Data records =>
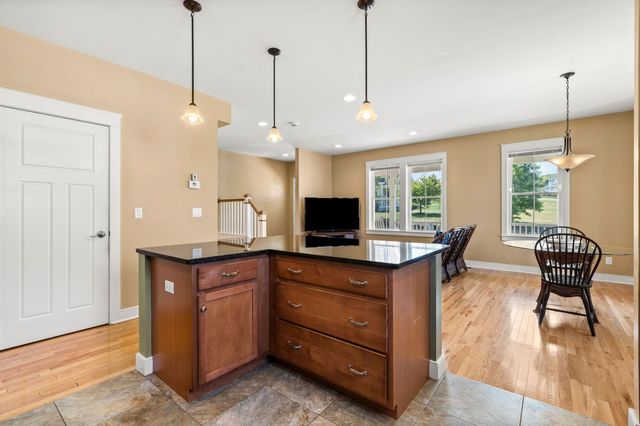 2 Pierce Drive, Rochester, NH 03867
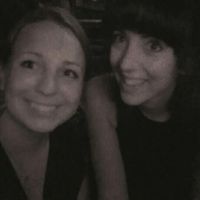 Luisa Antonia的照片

==

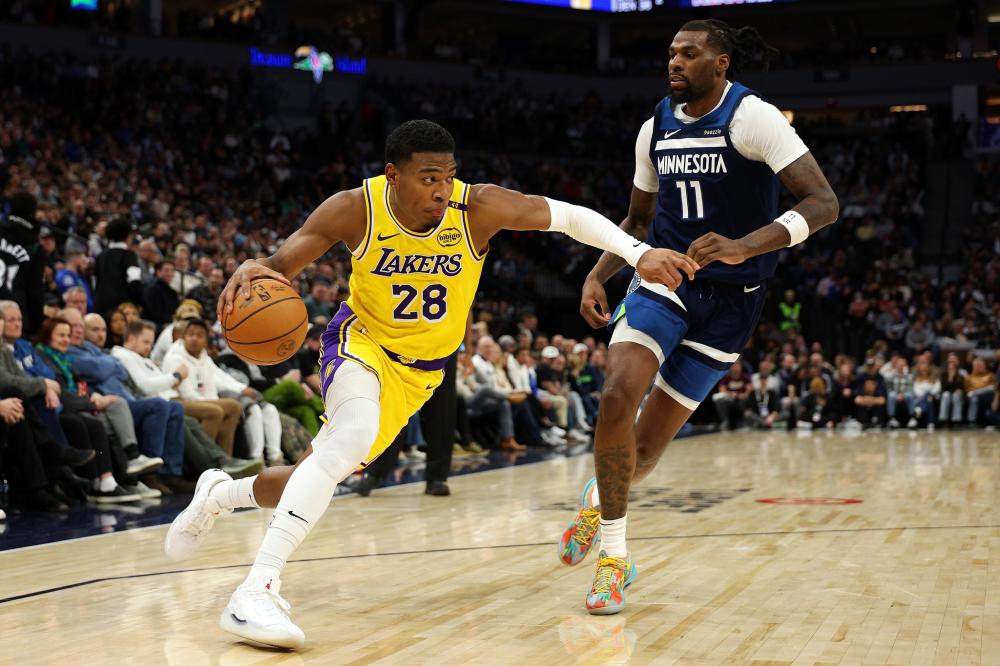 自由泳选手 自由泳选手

* * *

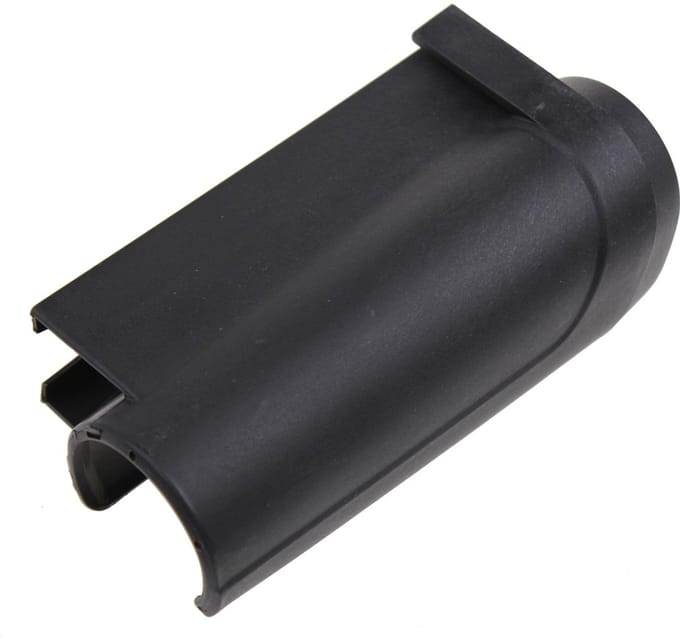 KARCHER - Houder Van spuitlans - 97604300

Problem details => From the listing above, please give again the lines that begin with the line holding "2 Pierce Drive, Rochester, NH 03867" and go on through the line holding "Luisa Antonia的照片", exactly, both ends included, minus any picture.

Written response =>
 2 Pierce Drive, Rochester, NH 03867
 Luisa Antonia的照片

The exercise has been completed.